WHAT THE EXERCISE ASKS → All records are to be retyped faithfully and completely.

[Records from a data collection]
++++

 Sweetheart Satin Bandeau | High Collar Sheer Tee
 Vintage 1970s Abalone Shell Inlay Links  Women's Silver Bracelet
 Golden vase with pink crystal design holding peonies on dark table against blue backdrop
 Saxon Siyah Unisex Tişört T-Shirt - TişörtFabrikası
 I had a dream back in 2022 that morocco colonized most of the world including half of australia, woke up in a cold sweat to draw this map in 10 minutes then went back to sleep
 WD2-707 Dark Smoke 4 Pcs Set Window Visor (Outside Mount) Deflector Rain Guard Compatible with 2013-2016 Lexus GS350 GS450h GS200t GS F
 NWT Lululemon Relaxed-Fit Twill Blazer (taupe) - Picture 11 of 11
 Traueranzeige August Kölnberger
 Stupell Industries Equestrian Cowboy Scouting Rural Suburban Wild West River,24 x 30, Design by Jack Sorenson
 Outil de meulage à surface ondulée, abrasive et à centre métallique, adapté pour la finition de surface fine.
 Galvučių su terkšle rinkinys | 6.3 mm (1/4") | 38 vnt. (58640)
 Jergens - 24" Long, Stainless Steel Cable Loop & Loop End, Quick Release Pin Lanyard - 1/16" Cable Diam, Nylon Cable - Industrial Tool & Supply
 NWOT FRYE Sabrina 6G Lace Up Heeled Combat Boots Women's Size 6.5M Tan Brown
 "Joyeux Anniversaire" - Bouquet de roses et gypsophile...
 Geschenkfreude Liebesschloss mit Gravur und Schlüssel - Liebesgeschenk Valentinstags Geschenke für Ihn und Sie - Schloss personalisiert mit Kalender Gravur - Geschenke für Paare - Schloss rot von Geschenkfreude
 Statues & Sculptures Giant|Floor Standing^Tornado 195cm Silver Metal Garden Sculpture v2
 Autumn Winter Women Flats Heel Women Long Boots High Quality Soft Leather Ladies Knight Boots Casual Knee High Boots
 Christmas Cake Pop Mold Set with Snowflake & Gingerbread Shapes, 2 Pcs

++++

ANSWER TO THIS PROBLEM →
 Sweetheart Satin Bandeau | High Collar Sheer Tee
 Vintage 1970s Abalone Shell Inlay Links  Women's Silver Bracelet
 Golden vase with pink crystal design holding peonies on dark table against blue backdrop
 Saxon Siyah Unisex Tişört T-Shirt - TişörtFabrikası
 I had a dream back in 2022 that morocco colonized most of the world including half of australia, woke up in a cold sweat to draw this map in 10 minutes then went back to sleep
 WD2-707 Dark Smoke 4 Pcs Set Window Visor (Outside Mount) Deflector Rain Guard Compatible with 2013-2016 Lexus GS350 GS450h GS200t GS F
 NWT Lululemon Relaxed-Fit Twill Blazer (taupe) - Picture 11 of 11
 Traueranzeige August Kölnberger
 Stupell Industries Equestrian Cowboy Scouting Rural Suburban Wild West River,24 x 30, Design by Jack Sorenson
 Outil de meulage à surface ondulée, abrasive et à centre métallique, adapté pour la finition de surface fine.
 Galvučių su terkšle rinkinys | 6.3 mm (1/4") | 38 vnt. (58640)
 Jergens - 24" Long, Stainless Steel Cable Loop & Loop End, Quick Release Pin Lanyard - 1/16" Cable Diam, Nylon Cable - Industrial Tool & Supply
 NWOT FRYE Sabrina 6G Lace Up Heeled Combat Boots Women's Size 6.5M Tan Brown
 "Joyeux Anniversaire" - Bouquet de roses et gypsophile...
 Geschenkfreude Liebesschloss mit Gravur und Schlüssel - Liebesgeschenk Valentinstags Geschenke für Ihn und Sie - Schloss personalisiert mit Kalender Gravur - Geschenke für Paare - Schloss rot von Geschenkfreude
 Statues & Sculptures Giant|Floor Standing^Tornado 195cm Silver Metal Garden Sculpture v2
 Autumn Winter Women Flats Heel Women Long Boots High Quality Soft Leather Ladies Knight Boots Casual Knee High Boots
 Christmas Cake Pop Mold Set with Snowflake & Gingerbread Shapes, 2 Pcs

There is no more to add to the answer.